In the tourist offices of both cities the authorities explain informally that this welcome, which is aimed specifically for international tourists, aims to counterbalance negative portrayals of the country. In fact, during cruises, customers compare previous cruise holidays and the countries visited; the stories shared and exaggerated on board tend to seam fear amongst the tourists before they even disembark. Brazilian stereotypes are confirmed and criminality is depicted as a true threat before the cruise ship even enters the harbour. Cruise companies issue strict advice: a safety letter from the captain is placed in each room, passengers are verbally reminded during a country-information meeting to remove jewellery and to avoid walking around alone, and so on.

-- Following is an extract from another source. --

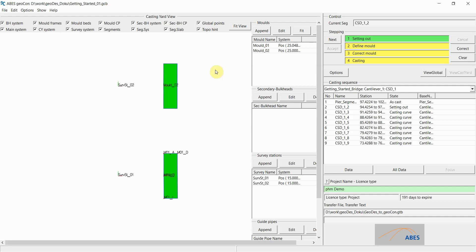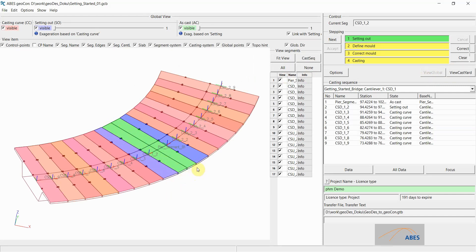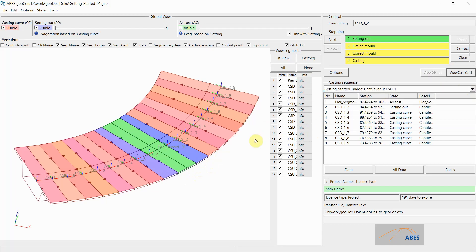In this video clip we will make use of our virtual casting yard with our two molds and two survey stations, and we will continue with our casting sequence by casting the first match cast segment. We can click on view global and we return to the view of our bridge. The green segment in the middle is the pier segment which we have already cast, and the blue segments to either side are the two segments that can be cast next, match cast against the pier segment. We have selected the first of the two casting sequences and we are ready to set out the first match cast segment.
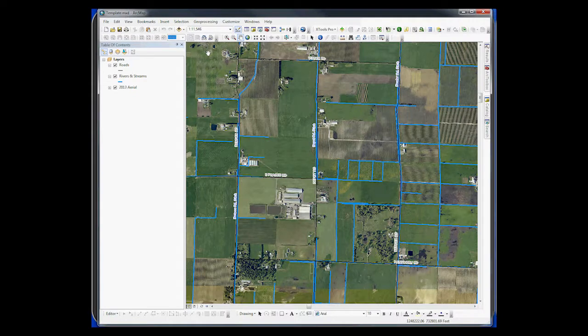So in here, in ArcMap, we want to use the import from KML tool.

The approach to tourism, therefore, in both these cities is to create a climate of safety through folklore. The immediate hospitality at the foot of the cruise ship creates a festive atmosphere. It is true that the festivities are short-lived and end as soon as the tourists leave to take their excursion coaches or negotiate a rate with taxi drivers. But just for a moment, the time it takes to snap a photograph, local culture speaks for itself and counters the previously opined negative portrayal of the country. The conceived space is replaced with lived space from the offset. The lived/conceived space debate, which has already been studied (Houllier-Guibert, 2009) gives precedence to lived space.
This type of action can be defined as territorial marketing, for two reasons. The first being that territorial marketing differs from territorial communication because of relational dimensions. In one case, images of territories filter through mass-media channels, without any feedback. This territorial communication is not relational whereas territorial marketing offers potential connections (trade fairs, events, hospitality, support, etc.). Many stopover ports display promotional posters, various symbols and territorial symbols for cities as part of demonstrative, but uninvolved, territorial communications. Few offer the opportunity to create a connection, albeit brief, like this example with a group of performers. Secondly, this hospitality is the opportunity to illustrate cultural differentiation. Cultural differentiation is the ability to distinguish between a territory with a local speciality (architecture, flagship, event, heritage, region, etc.). This is what cruise ship tourists are looking for. In the Recife example, the choice of showcasing a heritage dance also benefits the city’s image by basing hospitality on local tradition.